_Data for this exercise_.
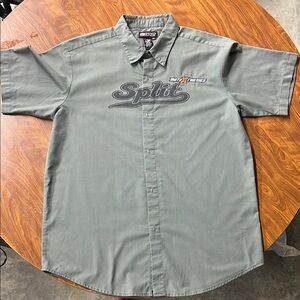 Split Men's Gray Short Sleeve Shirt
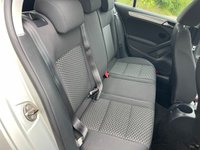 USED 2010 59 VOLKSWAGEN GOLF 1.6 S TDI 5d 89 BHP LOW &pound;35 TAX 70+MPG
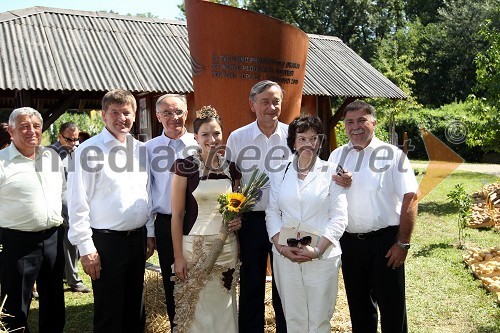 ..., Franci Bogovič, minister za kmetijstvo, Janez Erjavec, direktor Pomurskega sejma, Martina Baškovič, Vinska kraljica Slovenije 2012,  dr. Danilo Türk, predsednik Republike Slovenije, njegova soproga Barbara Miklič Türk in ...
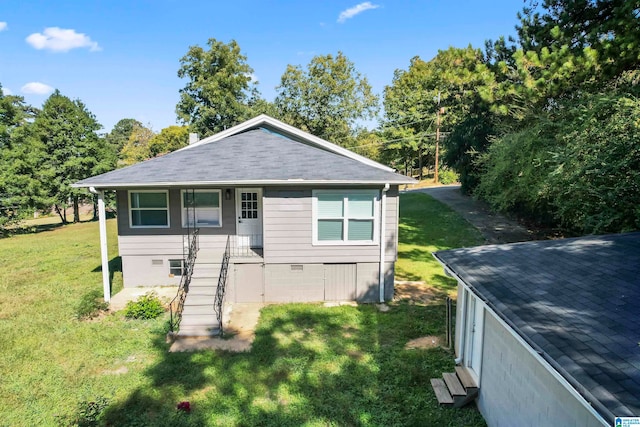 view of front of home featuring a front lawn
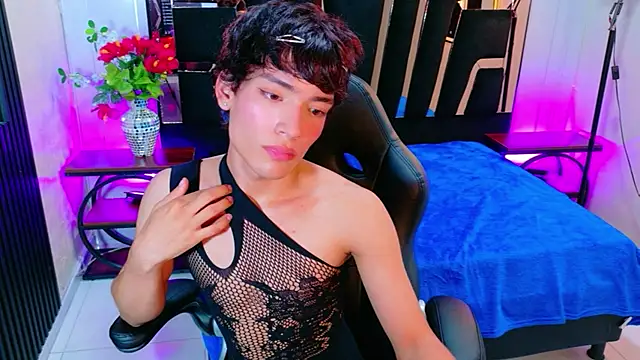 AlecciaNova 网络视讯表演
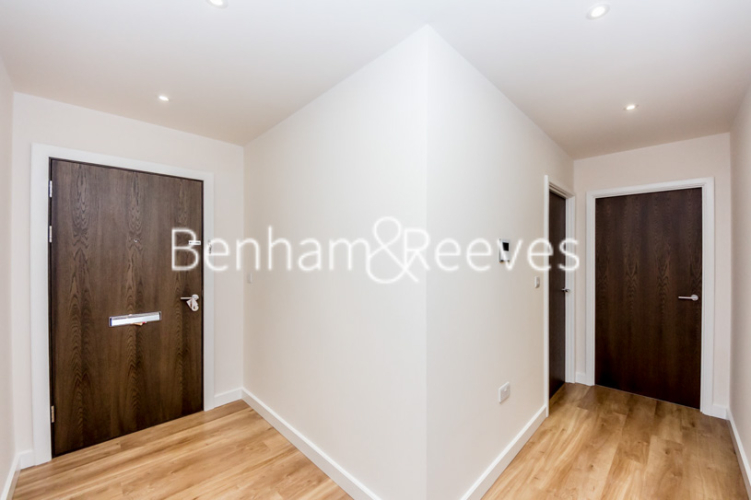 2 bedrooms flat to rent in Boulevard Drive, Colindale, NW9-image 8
* * *
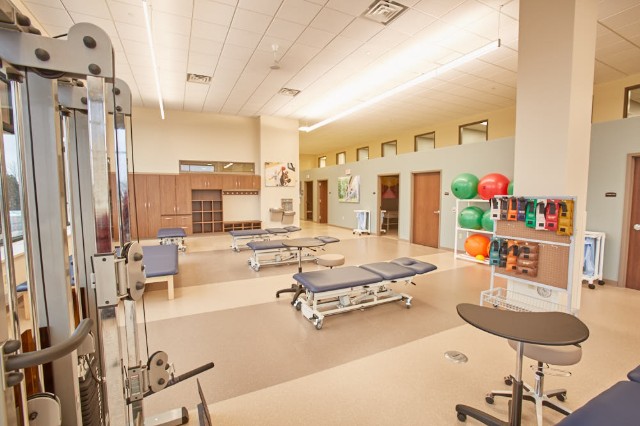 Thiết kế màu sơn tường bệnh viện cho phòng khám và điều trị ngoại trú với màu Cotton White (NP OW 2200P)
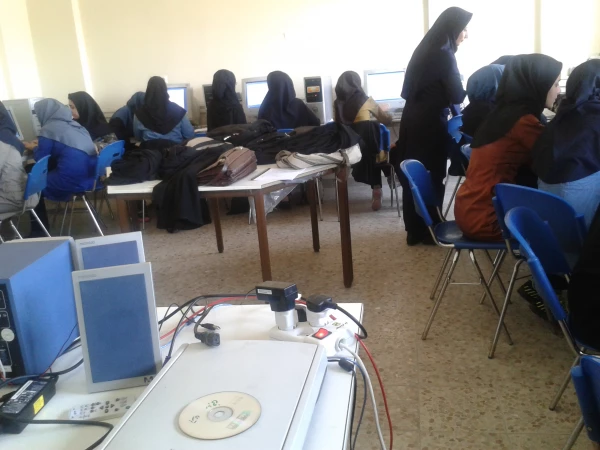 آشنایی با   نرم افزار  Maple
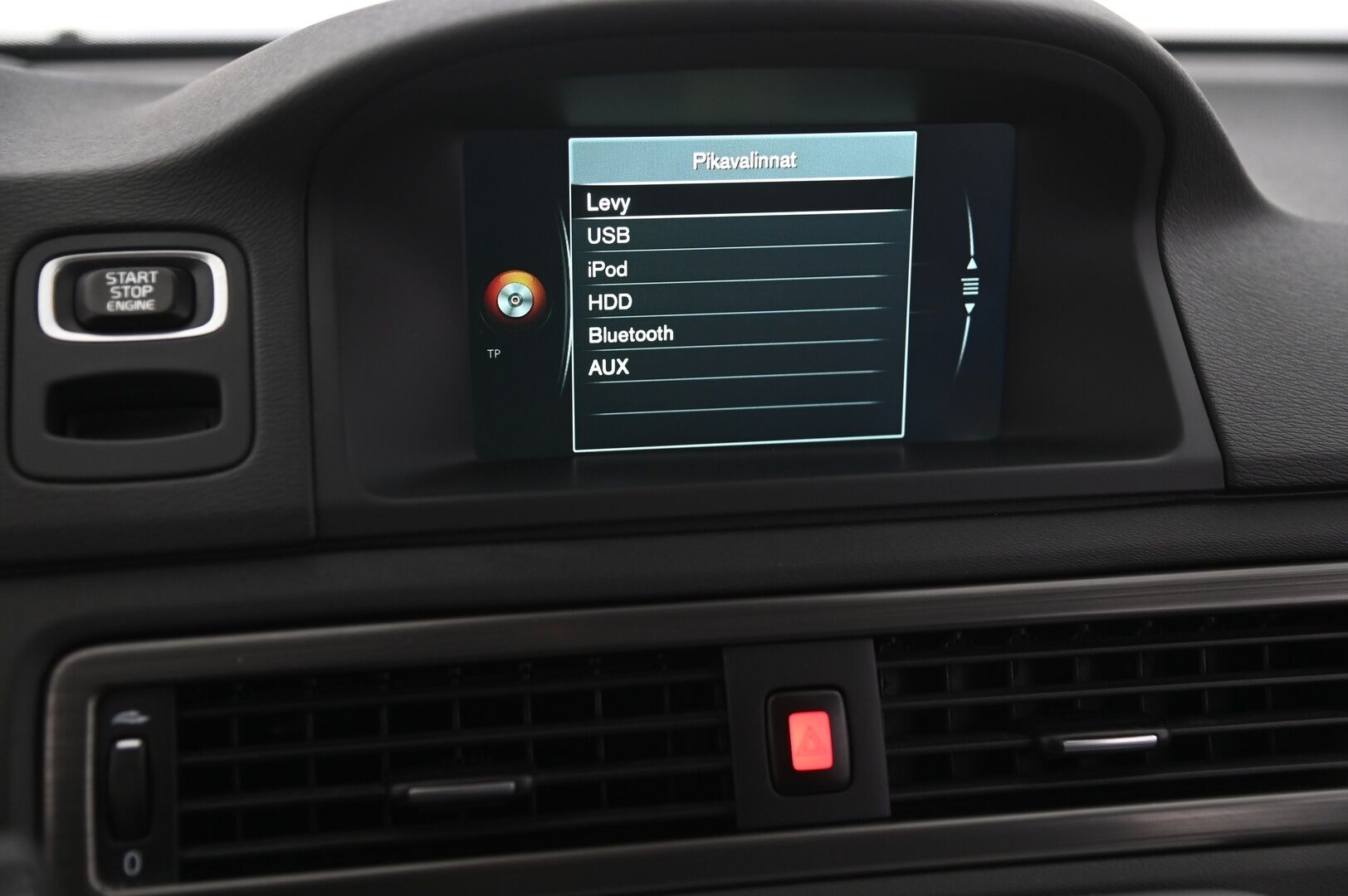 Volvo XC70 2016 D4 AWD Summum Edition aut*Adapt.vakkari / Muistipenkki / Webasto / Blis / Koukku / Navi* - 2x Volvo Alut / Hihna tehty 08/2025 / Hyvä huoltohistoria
* * *
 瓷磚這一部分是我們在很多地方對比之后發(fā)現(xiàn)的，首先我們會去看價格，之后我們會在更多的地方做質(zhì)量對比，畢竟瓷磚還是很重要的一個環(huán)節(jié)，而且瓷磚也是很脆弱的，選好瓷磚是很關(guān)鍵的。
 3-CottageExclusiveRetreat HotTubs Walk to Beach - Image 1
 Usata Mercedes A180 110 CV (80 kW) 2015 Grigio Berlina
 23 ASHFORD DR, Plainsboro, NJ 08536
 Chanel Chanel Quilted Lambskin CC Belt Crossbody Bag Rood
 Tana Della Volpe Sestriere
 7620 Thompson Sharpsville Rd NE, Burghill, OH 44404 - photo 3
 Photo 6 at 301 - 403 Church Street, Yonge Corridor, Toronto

_Work request_.
Write back word for word every line in the entries above from the one with "AlecciaNova 网络视讯表演" to the one with "2 bedrooms flat", ends included, and none of the pictures.

_Expected output_.
 AlecciaNova 网络视讯表演
 2 bedrooms flat to rent in Boulevard Drive, Colindale, NW9-image 8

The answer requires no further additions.